• **DATA FOR PROCESSING**
◆ ◆ ◆ ◆ ◆ ◆ ◆

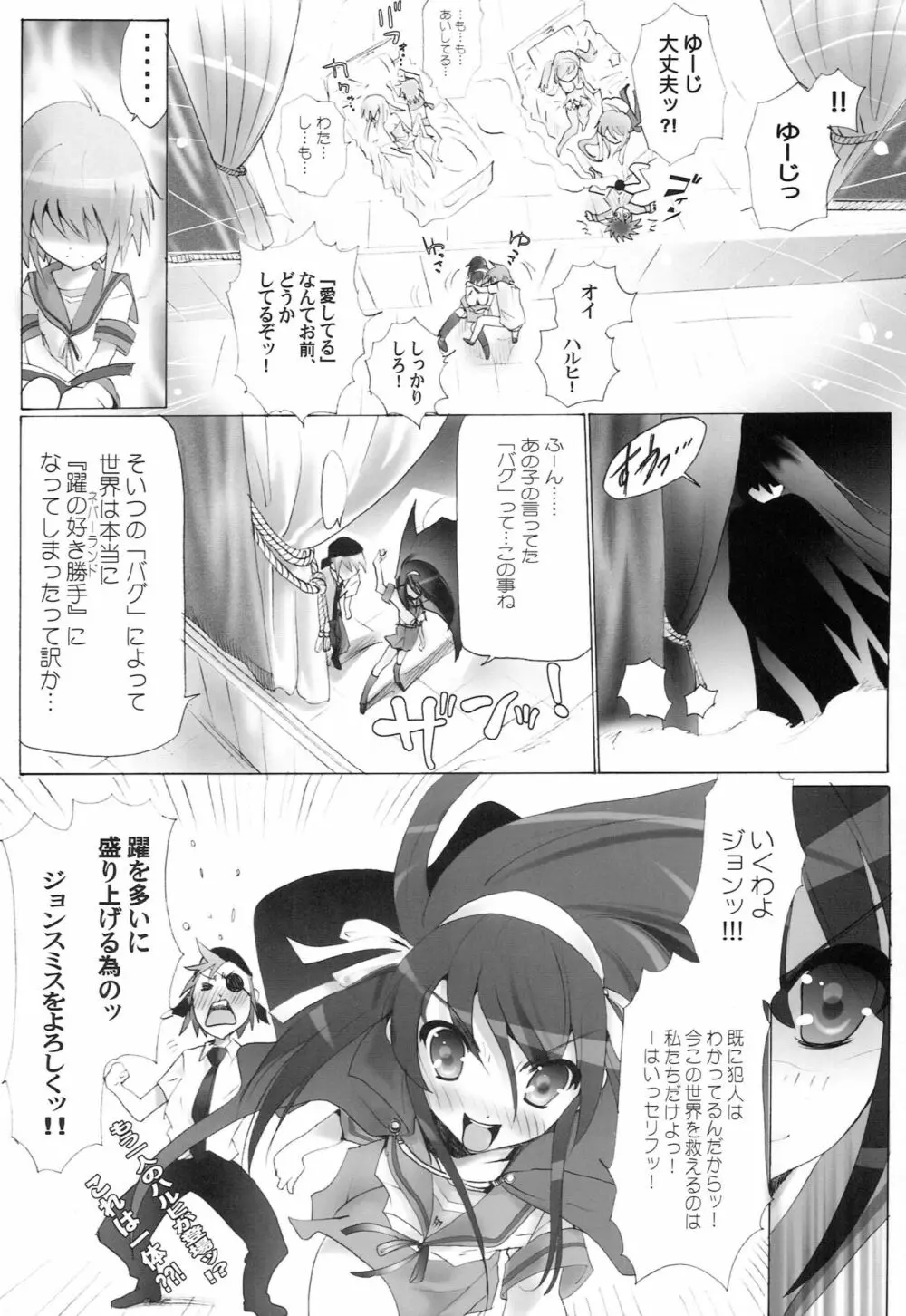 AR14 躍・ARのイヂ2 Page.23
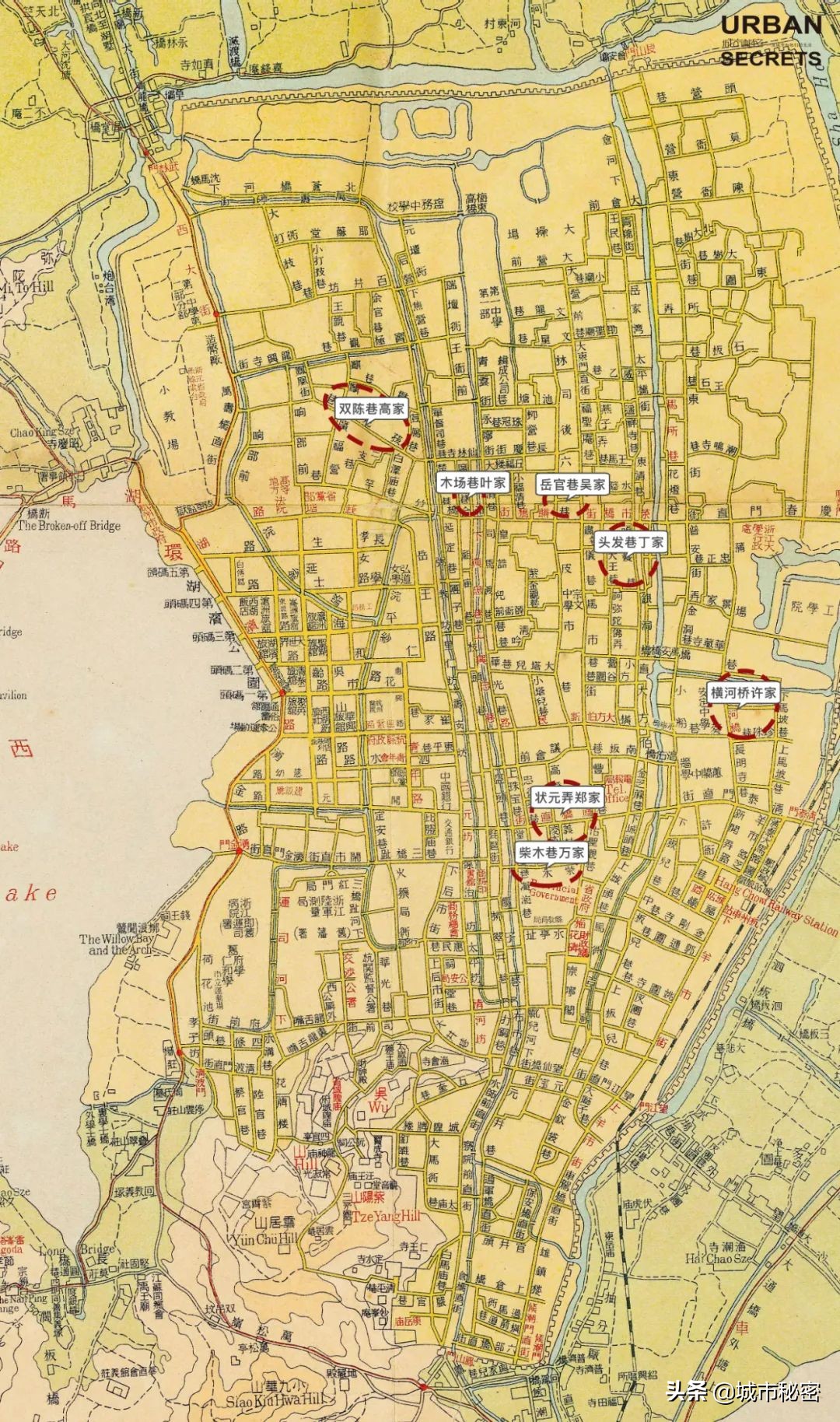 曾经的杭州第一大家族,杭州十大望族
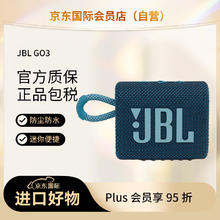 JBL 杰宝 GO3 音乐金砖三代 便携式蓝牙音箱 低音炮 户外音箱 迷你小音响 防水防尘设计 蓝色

◆ ◆ ◆ ◆ ◆ ◆ ◆

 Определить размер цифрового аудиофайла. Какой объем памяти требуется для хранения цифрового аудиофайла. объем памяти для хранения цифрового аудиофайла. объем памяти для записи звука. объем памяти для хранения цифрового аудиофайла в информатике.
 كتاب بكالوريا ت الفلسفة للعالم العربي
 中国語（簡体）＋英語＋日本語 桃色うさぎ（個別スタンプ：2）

◆ ◆ ◆ ◆ ◆ ◆ ◆

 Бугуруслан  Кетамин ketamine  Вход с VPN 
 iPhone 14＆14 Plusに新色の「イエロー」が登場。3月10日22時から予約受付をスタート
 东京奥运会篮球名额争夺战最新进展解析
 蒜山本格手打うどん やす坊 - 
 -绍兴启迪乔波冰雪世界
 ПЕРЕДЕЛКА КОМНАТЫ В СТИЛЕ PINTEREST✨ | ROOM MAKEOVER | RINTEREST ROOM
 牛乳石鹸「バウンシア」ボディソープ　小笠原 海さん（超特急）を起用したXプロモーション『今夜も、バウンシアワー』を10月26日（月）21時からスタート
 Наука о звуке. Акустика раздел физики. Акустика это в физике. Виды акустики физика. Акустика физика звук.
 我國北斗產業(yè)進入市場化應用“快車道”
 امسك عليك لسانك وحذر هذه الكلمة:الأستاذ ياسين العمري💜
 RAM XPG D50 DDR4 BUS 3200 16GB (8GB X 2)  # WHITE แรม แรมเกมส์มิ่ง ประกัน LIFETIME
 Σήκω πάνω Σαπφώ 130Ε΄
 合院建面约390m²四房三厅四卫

◆ ◆ ◆ ◆ ◆ ◆ ◆

• **TASK DESCRIPTION**
Copy out, exactly and alone, the lines of the entries above between the ones holding "iPhone 14＆14 Plusに新色の「イエロー」が登場。3月10日22時から予約受付をスタート" and "合院建面约390m²四房三厅四卫", inclusive.

• **FINISHED TASK**
 iPhone 14＆14 Plusに新色の「イエロー」が登場。3月10日22時から予約受付をスタート
 东京奥运会篮球名额争夺战最新进展解析
 蒜山本格手打うどん やす坊 - 
 -绍兴启迪乔波冰雪世界
 ПЕРЕДЕЛКА КОМНАТЫ В СТИЛЕ PINTEREST✨ | ROOM MAKEOVER | RINTEREST ROOM
 牛乳石鹸「バウンシア」ボディソープ　小笠原 海さん（超特急）を起用したXプロモーション『今夜も、バウンシアワー』を10月26日（月）21時からスタート
 Наука о звуке. Акустика раздел физики. Акустика это в физике. Виды акустики физика. Акустика физика звук.
 我國北斗產業(yè)進入市場化應用“快車道”
 امسك عليك لسانك وحذر هذه الكلمة:الأستاذ ياسين العمري💜
 RAM XPG D50 DDR4 BUS 3200 16GB (8GB X 2)  # WHITE แรม แรมเกมส์มิ่ง ประกัน LIFETIME
 Σήκω πάνω Σαπφώ 130Ε΄
 合院建面约390m²四房三厅四卫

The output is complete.